What is being asked: Repetition must be exact and must stop with the line bearing "Outdoor-Spots auf einem". It begins at the first line of the records and includes no pictures.

----

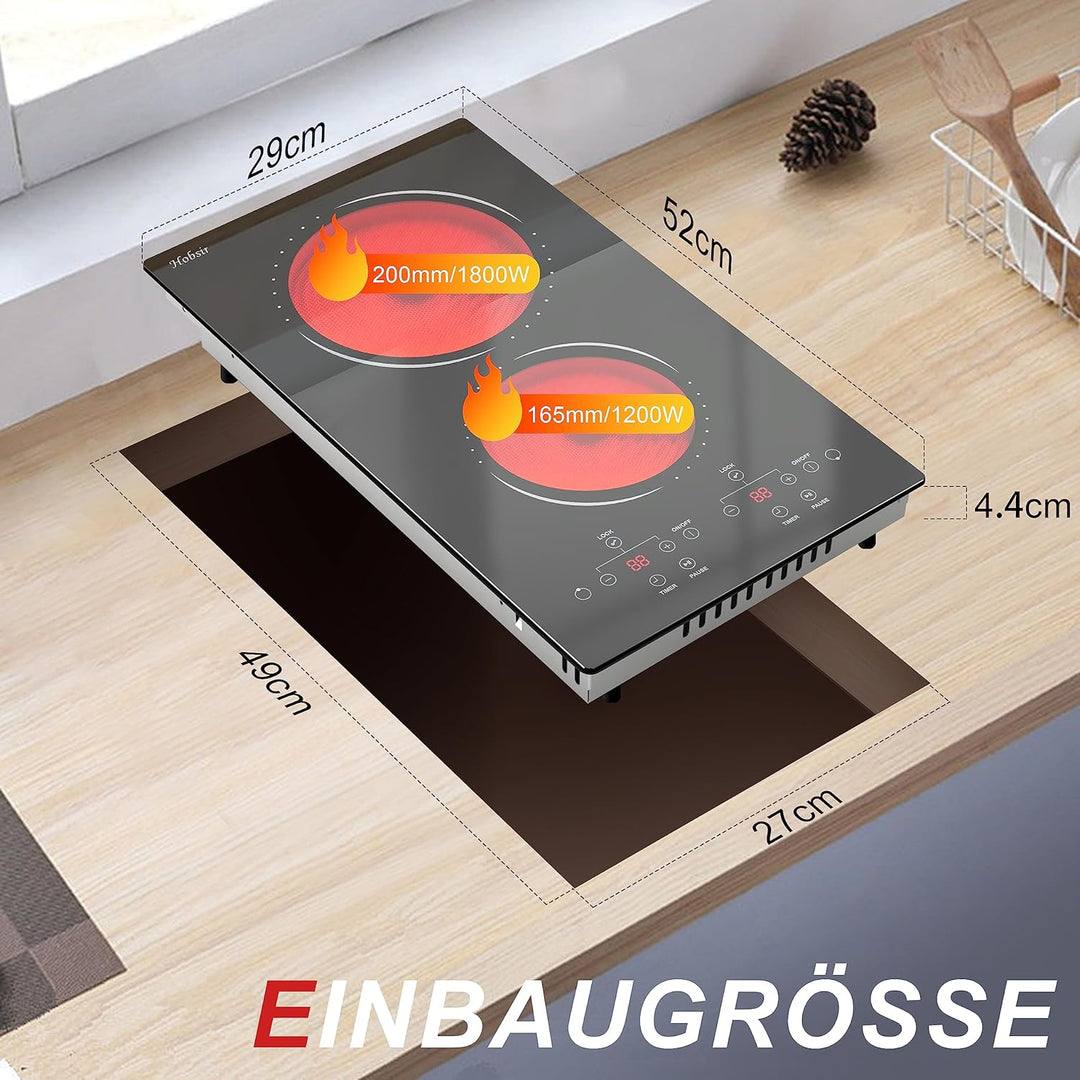 Glaskeramikkochfeld 2 Zonen mit Stecker, Hobsir Einbau Kochfelder 30cm, 3000W, Touch-Steuerung, Dopp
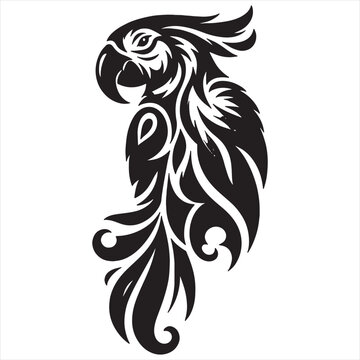 recommend clip art: Parrot silhouette vector illustration on a white background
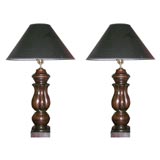 Antique Pair of mahogany lamps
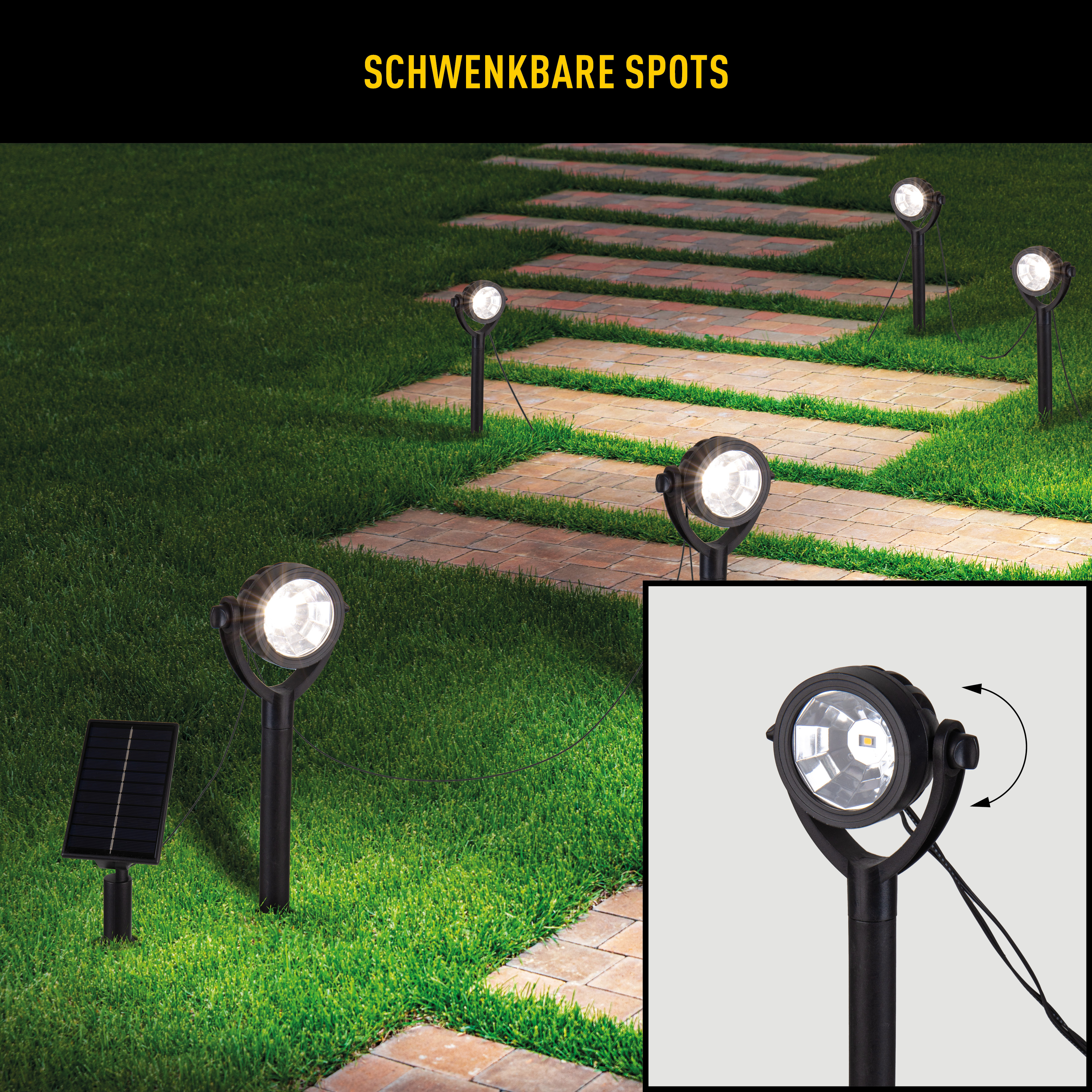 Outdoor-Spots auf einem Grasweg. Eine Solarzelle und eine Nahaufnahme eines Lichts sind sichtbar.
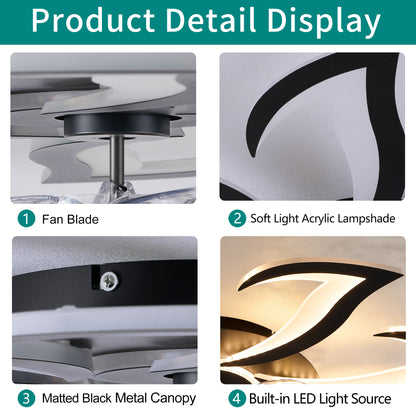 Black Flower Modern Ceiling Fan with LED Dimmable Light, 32inch Flush Mount Ceiling Fan with Remote Control for Bedroom, High-Efficiency DC Motor, 6-Speeds, Timing Function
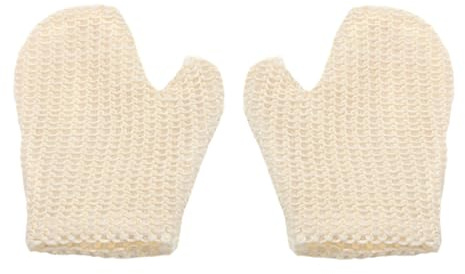 CHILDWEET 2pcs Exfoliating Bath Mitts Scrub Gloves with Hollow Sisal Fiber for Body Washing 20.5x16cm Shower Spa Gloves for Dead Skin Removal and Deep Cleansing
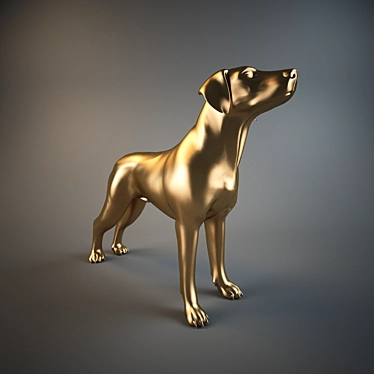 Shimmering Pup: Gold Dog 3D model image 1 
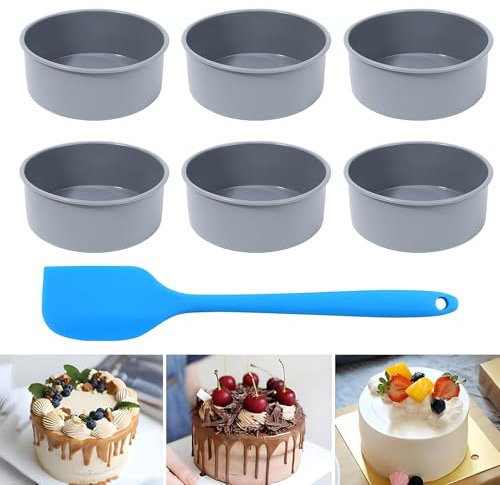 4 Inch Silicone Cake Tins for Baking, 6 Pack Small Round Baking Moulds Silicone Muffin Baking Tray With Scraper, Nonstick & Quick Release 10 cm Cupcake Baking Pan for Muffin, Mousse Bread (Grey)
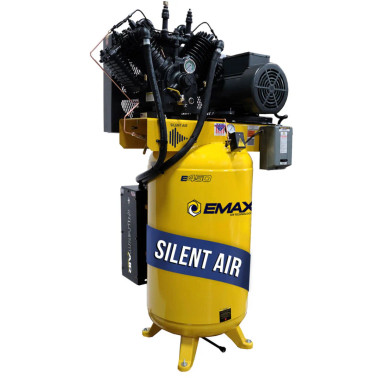 EMAX Premium 7.5 HP 3 PH 80 Gallon Vertical With Air Silencer-With Pressure Lube Pump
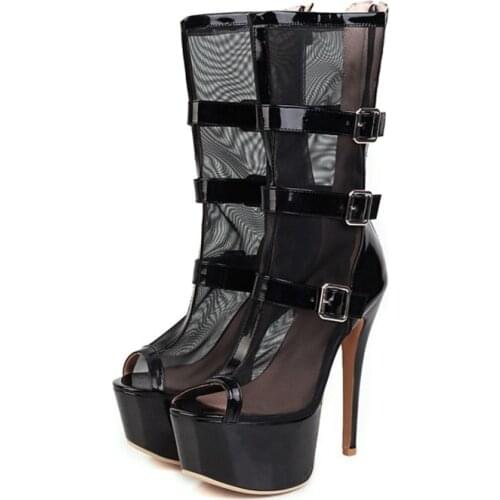 BLXQPYT Women Platform Boots sandals Sexy Fashion Designer Thin High Heels14cm zip Summer Cool Boots Pumps Big size 48 W-3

----

Response to the exercise:
 Glaskeramikkochfeld 2 Zonen mit Stecker, Hobsir Einbau Kochfelder 30cm, 3000W, Touch-Steuerung, Dopp
 recommend clip art: Parrot silhouette vector illustration on a white background
 Antique Pair of mahogany lamps
 Outdoor-Spots auf einem Grasweg. Eine Solarzelle und eine Nahaufnahme eines Lichts sind sichtbar.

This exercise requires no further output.